Wir suchen dich. Andrea Jacob und Dominik Bärlocher haben die Geschichte des Pulsmessers Polar aufgerollt und auf einmal realisiert, dass sie einen historischen Auftrag gefasst haben.

Jede x-beliebige Smartwatch hat einen Pulsmesser verbaut. Manche besser, manche schlechter. Frag aber in einem digitec-Shop oder in einem x-beliebigen Sportladen nach dem genauesten Pulsmesser, und die Antwort wird höchstwahrscheinlich «Polar» lauten. Polar waren die ersten, die den Pulsmesser ans Handgelenk gebracht haben, und sie spielen nach wie vor oben mit. Aber es ist ruhig um die Marke. Keine grossen PR-Aktionen, keine Launch Events, kaum Werbung ausserhalb von Fachmagazinen. Ihre neuen Geräte tauchen einfach mal auf, ohne grosses Brimborium, und Sportler glauben nach wie vor daran, kaufen wohl auch genug, dass sich diese Strategie rechtfertigt. Warum also nicht am Marketing sparen?

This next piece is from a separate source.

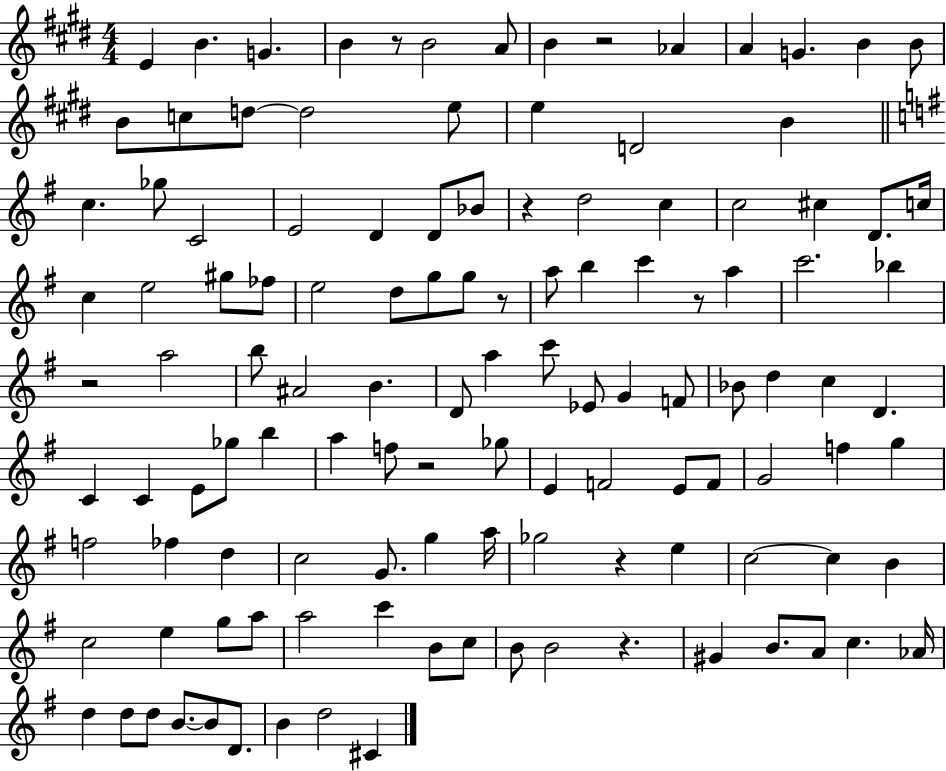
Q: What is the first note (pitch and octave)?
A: E4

Andrea Jacob, ihres Zeichens Category Marketing Manager, knallt mir ein Couvert auf den Tisch. Über dem Etikett das Logo Polars. Darunter mein Name. Warum hat Andrea dieses Couvert? Mein Gefühlszustand ist irgendwo zwischen desinteressiert und verwirrt. Was will die jetzt von mir?

«Was soll ich damit», frage ich.

«Jetzt mach schon auf», sagt sie. Irgendwie ist sie viel begeisterter ob dem Couvert als ich.

Okay, dann mach ich mal. Uralte Polar-Uhren.

«Gut, was?»

Andrea ist immer noch begeisterter als ich. Ich blicke sie fragend an.

«Wir vergleichen die alten Geräte jetzt mit dem neuesten Tracker», sagt sie.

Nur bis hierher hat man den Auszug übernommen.